La señora se quitó las gafas y los miró con una solicitud tan maternal que ambos sintieron la primera náusea del viaje.

—Niños —dijo con dulzura—. Ahora sí podréis decir que habéis estado en el reino de los cielos.

Parece española, pensó Ignacio. Sonrieron. Saúl además dejó escapar un gruñidito.

—¿Vais a la iglesia, verdad?

—Sí —dijo Saúl.

—No —dijo Ignacio y de inmediato se arrepintió. Se había condenado estúpidamente a escuchar doce horas de catecismo. Pero no. Su negativa tuvo la virtud de que la señora quedara muda.
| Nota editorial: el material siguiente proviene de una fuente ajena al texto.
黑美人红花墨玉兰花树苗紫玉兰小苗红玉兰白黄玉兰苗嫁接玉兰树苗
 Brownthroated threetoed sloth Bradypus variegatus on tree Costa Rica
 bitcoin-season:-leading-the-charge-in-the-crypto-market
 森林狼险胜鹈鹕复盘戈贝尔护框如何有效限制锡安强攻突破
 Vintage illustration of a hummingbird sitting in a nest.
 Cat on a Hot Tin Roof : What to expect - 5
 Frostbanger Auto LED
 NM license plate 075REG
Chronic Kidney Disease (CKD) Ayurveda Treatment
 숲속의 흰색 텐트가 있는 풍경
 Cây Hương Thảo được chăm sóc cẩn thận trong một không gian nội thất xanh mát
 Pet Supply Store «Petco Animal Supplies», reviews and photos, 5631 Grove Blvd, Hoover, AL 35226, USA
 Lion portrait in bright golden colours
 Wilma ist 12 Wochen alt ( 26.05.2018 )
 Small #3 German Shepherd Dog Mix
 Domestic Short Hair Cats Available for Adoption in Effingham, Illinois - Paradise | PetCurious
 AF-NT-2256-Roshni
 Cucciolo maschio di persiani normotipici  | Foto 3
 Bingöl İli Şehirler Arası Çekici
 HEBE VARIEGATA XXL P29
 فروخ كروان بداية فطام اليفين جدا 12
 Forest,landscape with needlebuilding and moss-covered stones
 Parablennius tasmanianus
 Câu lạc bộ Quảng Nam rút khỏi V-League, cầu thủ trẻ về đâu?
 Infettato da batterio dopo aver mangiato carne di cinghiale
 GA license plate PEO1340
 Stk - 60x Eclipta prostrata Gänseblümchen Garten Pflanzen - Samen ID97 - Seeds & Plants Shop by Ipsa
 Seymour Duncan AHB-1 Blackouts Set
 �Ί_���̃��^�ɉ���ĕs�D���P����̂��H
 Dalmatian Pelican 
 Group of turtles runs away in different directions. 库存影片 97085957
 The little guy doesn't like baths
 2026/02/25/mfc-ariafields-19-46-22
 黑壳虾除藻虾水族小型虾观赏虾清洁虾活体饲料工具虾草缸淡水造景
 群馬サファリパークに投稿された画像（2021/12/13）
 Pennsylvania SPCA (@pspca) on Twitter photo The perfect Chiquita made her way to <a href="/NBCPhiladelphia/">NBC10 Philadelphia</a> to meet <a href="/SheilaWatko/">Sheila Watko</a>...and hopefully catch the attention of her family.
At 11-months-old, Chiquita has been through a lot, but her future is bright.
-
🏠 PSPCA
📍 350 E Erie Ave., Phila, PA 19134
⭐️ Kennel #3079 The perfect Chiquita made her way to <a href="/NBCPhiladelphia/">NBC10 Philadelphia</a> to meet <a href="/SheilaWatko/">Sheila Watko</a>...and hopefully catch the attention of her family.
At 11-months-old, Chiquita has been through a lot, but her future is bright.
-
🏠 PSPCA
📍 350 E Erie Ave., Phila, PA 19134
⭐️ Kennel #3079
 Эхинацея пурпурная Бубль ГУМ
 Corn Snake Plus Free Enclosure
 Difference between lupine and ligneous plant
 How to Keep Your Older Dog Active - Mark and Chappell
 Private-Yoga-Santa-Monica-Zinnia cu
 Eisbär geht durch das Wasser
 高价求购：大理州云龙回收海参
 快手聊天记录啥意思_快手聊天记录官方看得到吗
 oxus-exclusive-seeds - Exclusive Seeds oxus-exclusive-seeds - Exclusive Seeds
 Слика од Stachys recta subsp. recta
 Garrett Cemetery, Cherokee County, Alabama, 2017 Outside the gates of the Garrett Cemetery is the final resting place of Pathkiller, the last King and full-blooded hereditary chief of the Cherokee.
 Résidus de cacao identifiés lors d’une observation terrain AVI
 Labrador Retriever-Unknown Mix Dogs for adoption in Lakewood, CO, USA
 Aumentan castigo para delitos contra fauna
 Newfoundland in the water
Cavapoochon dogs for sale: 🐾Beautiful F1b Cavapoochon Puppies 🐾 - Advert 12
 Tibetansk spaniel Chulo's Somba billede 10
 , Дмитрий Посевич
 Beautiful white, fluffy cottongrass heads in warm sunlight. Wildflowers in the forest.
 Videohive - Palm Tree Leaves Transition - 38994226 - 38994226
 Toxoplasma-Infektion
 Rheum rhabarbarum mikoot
Agraviada, pero muda.

Fue Saúl el que le preguntó, casi en el oído, si era cierto que no iba.

—Claro que es cierto.

—¿Son ateos en tu casa?

—Creo que sí.

Saúl se quedó con la boca abierta, pero enseguida se animó.

—Debe ser divertido no ir a la iglesia.

—¿Por qué?

—No sé. Se me ocurre. No ir es lo contrario de ir. Y además ir es tan aburrido.

—¿Y allí qué hacés?

—¿Cómo qué hago? Me confieso, comulgo. ¿Vos tomaste la primera comunión?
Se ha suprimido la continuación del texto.